Nelle aziende, non solo italiane, prevale ancora l’atteggiamento reattivo, che cerca di contenere gli attacchi prima che creino danni seri. Deep Instinct, invece, punta sul deep learning per bloccare a monte i tentativi di penetrazione, riducendo drasticamente i falsi positivi.

Pubblicato il 19 novembre 2021 da Roberto Bonino

Parafrasando un vecchio slogan pubblicitario, nel mondo della cybersecurity prevenire è meglio che reagire. Poter intercettare un attacco prima che inizi a lavorare sui sistemi è la chiave per fare un vero salto di qualità nella protezione di dispositivi, dati e applicazioni.

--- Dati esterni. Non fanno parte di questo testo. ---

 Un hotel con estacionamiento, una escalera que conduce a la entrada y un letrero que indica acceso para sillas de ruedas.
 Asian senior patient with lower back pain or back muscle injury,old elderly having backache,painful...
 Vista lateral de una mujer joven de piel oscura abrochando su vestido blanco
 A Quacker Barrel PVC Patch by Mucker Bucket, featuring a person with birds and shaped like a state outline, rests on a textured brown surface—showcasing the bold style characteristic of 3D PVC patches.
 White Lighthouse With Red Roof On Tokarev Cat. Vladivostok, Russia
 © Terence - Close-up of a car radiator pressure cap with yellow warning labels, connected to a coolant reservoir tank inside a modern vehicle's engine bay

Deep Instinct è nata nel 2015 partendo dalla volontà dei suoi fondatori israeliani di intervenire sugli endpoint, ma si è andata rapidamente specializzando nell’utilizzo del deep learning come elemento tecnologico fondamentale per migliorare l’attuale scenario delle soluzioni di cybersecurity disponibili sul mercato: “Anche in Italia, la logica utilizzata dalle aziende è ancora soprattutto di tipo reattivo”, conferma Luca Mastromauro, regional sales manager per Italia e Sud Europa di Deep Instinct. “Anche le soluzioni Edr, molto in voga di questi tempi, come dice la loro stessa denominazione, fanno detection and response. Oggi il tempo medio di reazione a un attacco è stimato in 20,9 ore e anche nel banking, dove la velocità aumenta, parliamo comunque di 17 ore. La nostra tecnologia consente di bloccare ogni tentativo entro 20 millisecondi”.

La chiave di volta è rappresentata dal deep learning, che non va confuso con il più “semplice” machine learning: “Questo si occupa di estrarre le caratteristiche in un processo, ma mantiene la necessità di dover disporre di esperti che esaminino i dati, li analizzino, ne comprendano la distribuzione e così via, per creare modelli non necessariamente efficaci al 100%”, spiega Mastromauro. “Il deep learning agisce direttamente sui dati grezzi e così si può sfruttare completamente la potenza delle macchine”.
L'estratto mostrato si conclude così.